Copy out the data that comes next, character for character, and leave the images aside.

**** SUPPLIED MATERIAL

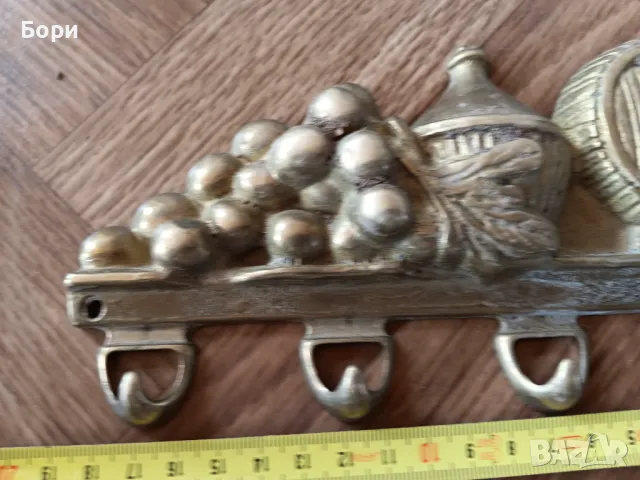 Стара месингова закачалка, снимка 2 - Други ценни предмети - 48497937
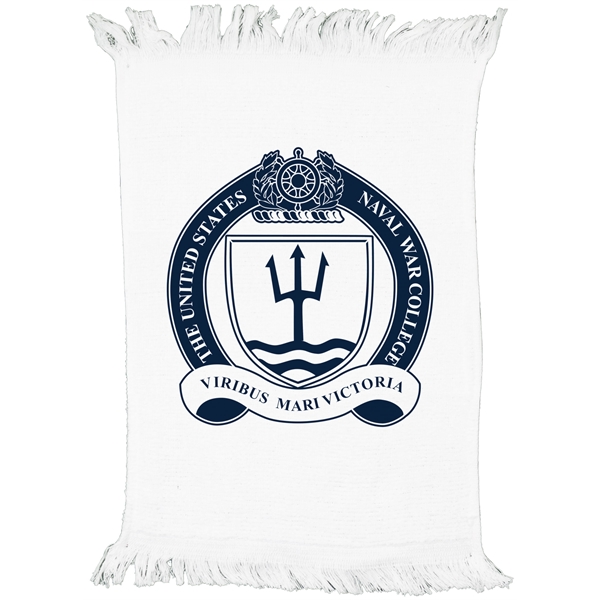 11" x 18" school spirit towel made of white cotton velour/terry... from ASI 31260 AdCapitol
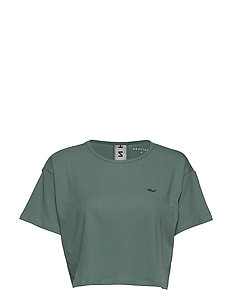 SALE | Crop tops | Stort utvalg av de seneste nyhetene Hummel HMLWERA SEAMLESS - T-shirts med print - quarry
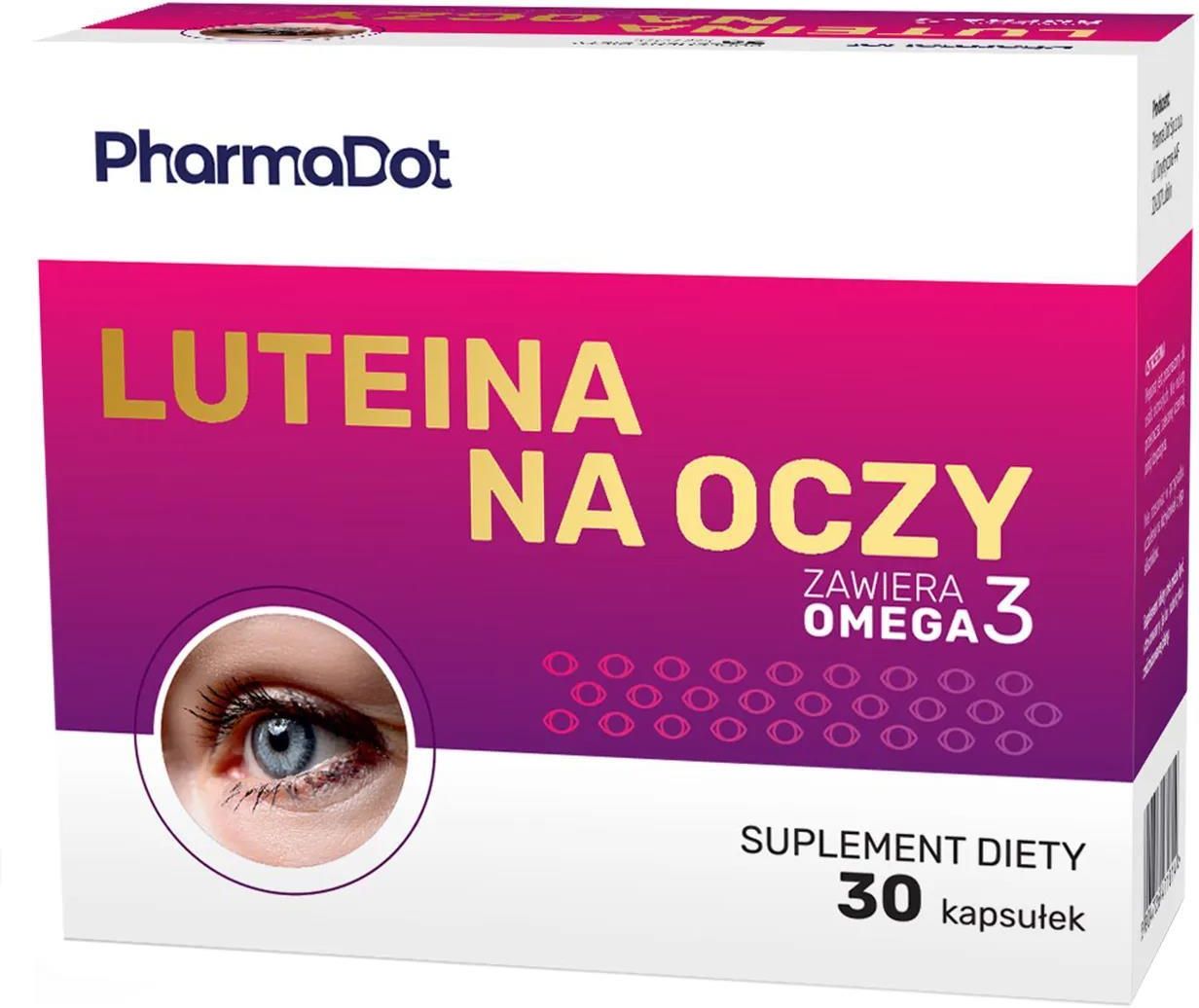 Pharma Dot Pharmadot Luteina Na Oczy 30kaps. - Opinie i ceny na Ceneo.pl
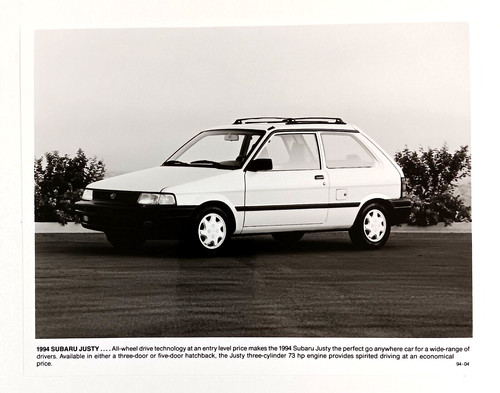 1994 subaru justy hatchback - subaru,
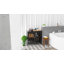 Buffet de rangement Modern Kitchen avec portes et tablettes transparentes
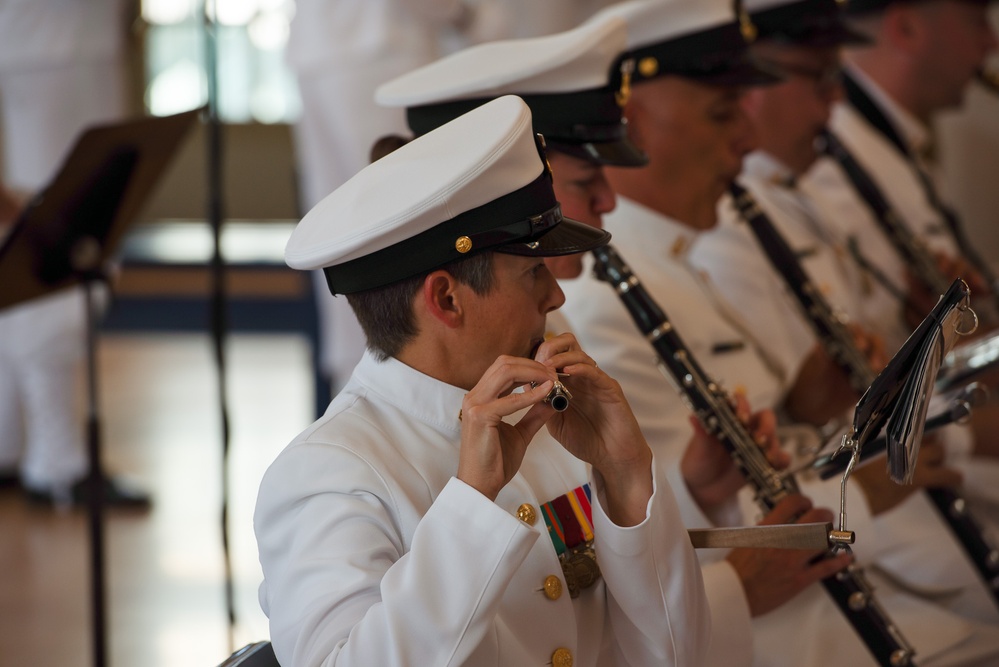 US Navy Band Performs at the CNO Relinquishment Ceremony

********

# [THE ANSWER]
 Стара месингова закачалка, снимка 2 - Други ценни предмети - 48497937
 11" x 18" school spirit towel made of white cotton velour/terry... from ASI 31260 AdCapitol
 SALE | Crop tops | Stort utvalg av de seneste nyhetene Hummel HMLWERA SEAMLESS - T-shirts med print - quarry
 Pharma Dot Pharmadot Luteina Na Oczy 30kaps. - Opinie i ceny na Ceneo.pl
 1994 subaru justy hatchback - subaru,
 Buffet de rangement Modern Kitchen avec portes et tablettes transparentes
 US Navy Band Performs at the CNO Relinquishment Ceremony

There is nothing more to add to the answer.